= Exercise instructions =
Repeat the span of the entries below that starts at the line with "A pair of 1930's" and ends at the line with "A FRENCH ORMOLU", nothing more. Skip the pictures.

= Provided data =
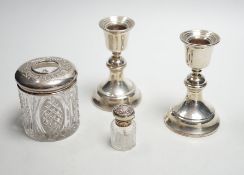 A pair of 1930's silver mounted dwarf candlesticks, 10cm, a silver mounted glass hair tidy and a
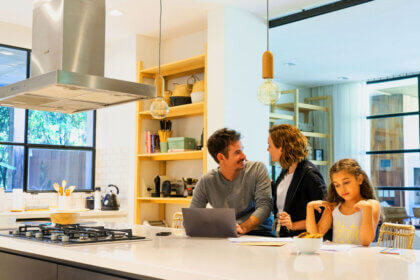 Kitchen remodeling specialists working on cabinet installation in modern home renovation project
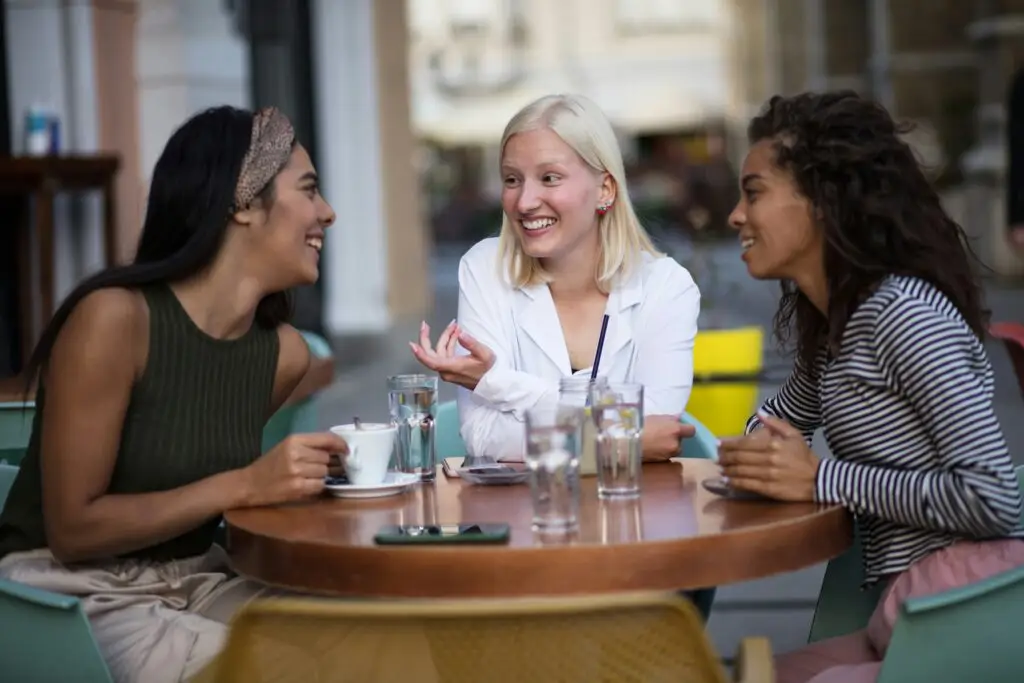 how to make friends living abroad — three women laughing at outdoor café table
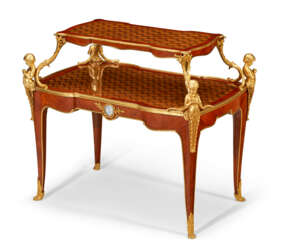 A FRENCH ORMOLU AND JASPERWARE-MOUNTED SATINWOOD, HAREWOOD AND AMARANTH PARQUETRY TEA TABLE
* * *
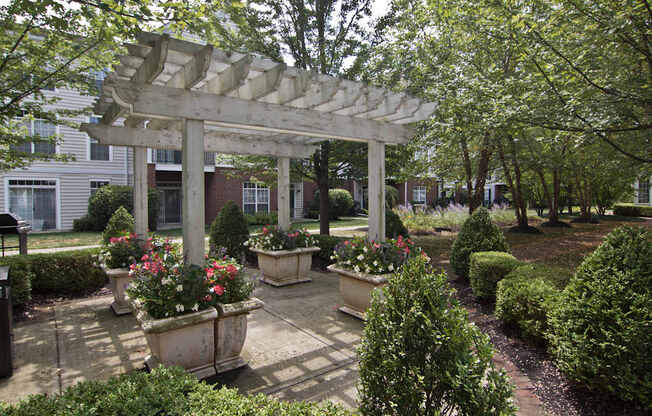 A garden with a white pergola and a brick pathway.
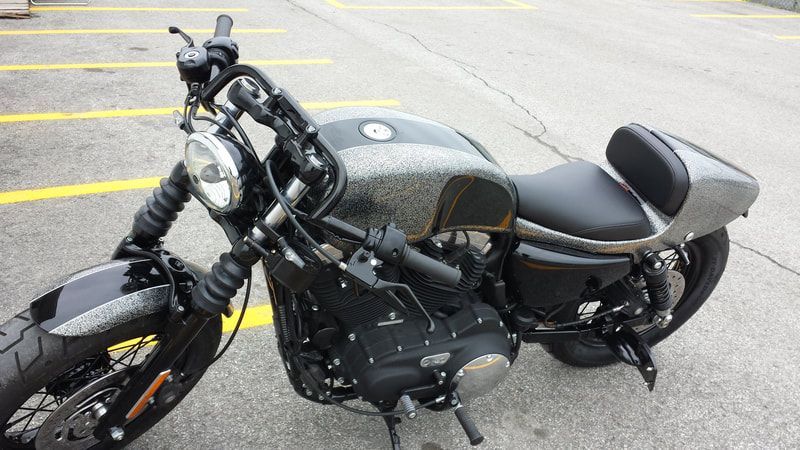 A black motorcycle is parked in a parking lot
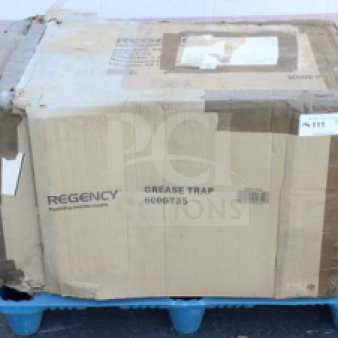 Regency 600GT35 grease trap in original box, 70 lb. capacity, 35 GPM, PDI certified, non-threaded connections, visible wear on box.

= Response for this exercise =
 A pair of 1930's silver mounted dwarf candlesticks, 10cm, a silver mounted glass hair tidy and a
 Kitchen remodeling specialists working on cabinet installation in modern home renovation project
 how to make friends living abroad — three women laughing at outdoor café table
 A FRENCH ORMOLU AND JASPERWARE-MOUNTED SATINWOOD, HAREWOOD AND AMARANTH PARQUETRY TEA TABLE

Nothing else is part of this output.